I thoroughly enjoyed the first two-thirds of the movie. An amazingly new world and context never written about or filmed before. I could say much about the imaginative beauty of these "alien" creatures--the flying is superb, the native's cosmogony intriguing. But then the movie gives into the inevitable story arch pressure to produce purely good and evil characters battling out to the bitter end. So pathetic given the amount of money, time, and talent spent on this film. I thought up five better endings while driving the 10 minutes home from the theater--and, yes, I shared each one to my children's chagrin.
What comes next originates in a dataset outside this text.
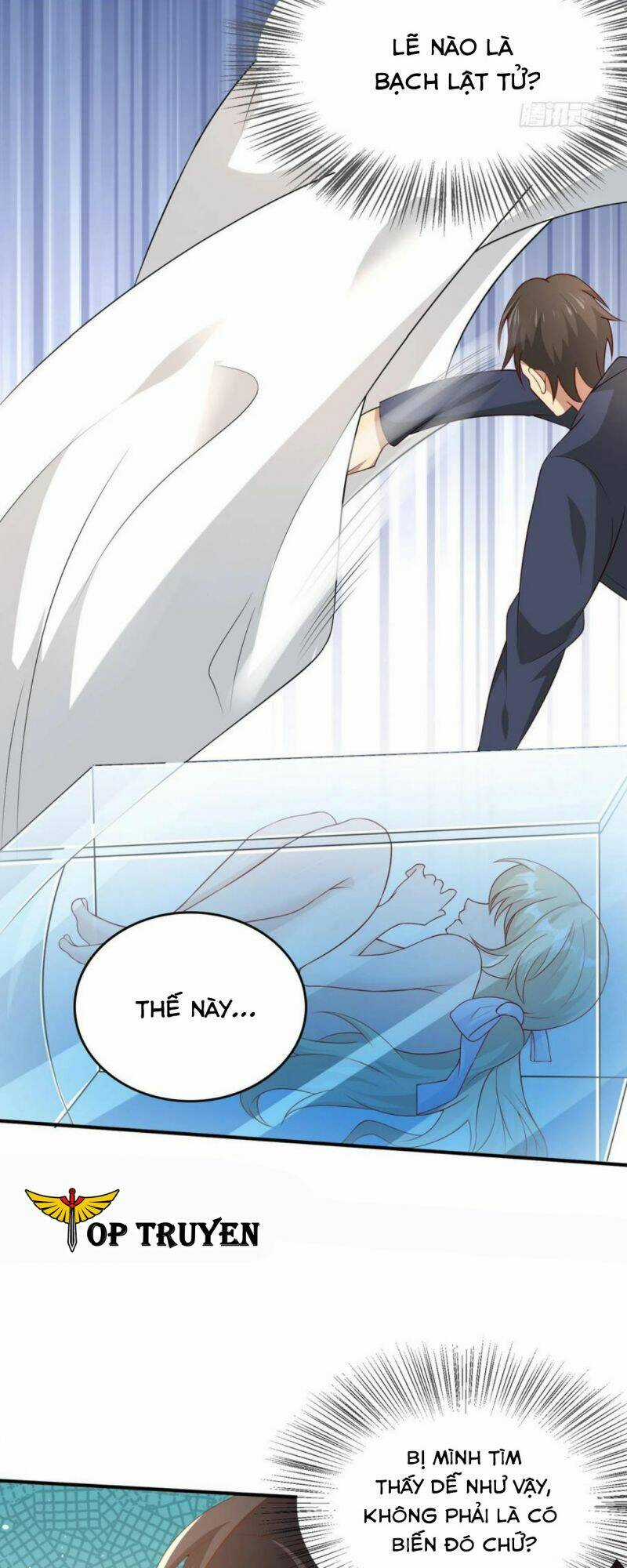 Cao Thủ Xuống Núi, Bảy Vị Sư Tỷ Bảo Vệ Ta Chapter 37 trang 12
I'm still glad I saw the film because I like the questions I've been wrestling with even as the film was winding down. And ultimately I'm more interested in these big questions, than with any final evaluation of the film. Why do smart, talented people insist that a movie end in a battle to the end between the arch enemy and hero? Are these archetypal surges coursing through our veins? Or is it just laziness? Or, as the liberal conspiracy theorist wants to believe, is it the false consciousness of the masses which demand such easily digested endings?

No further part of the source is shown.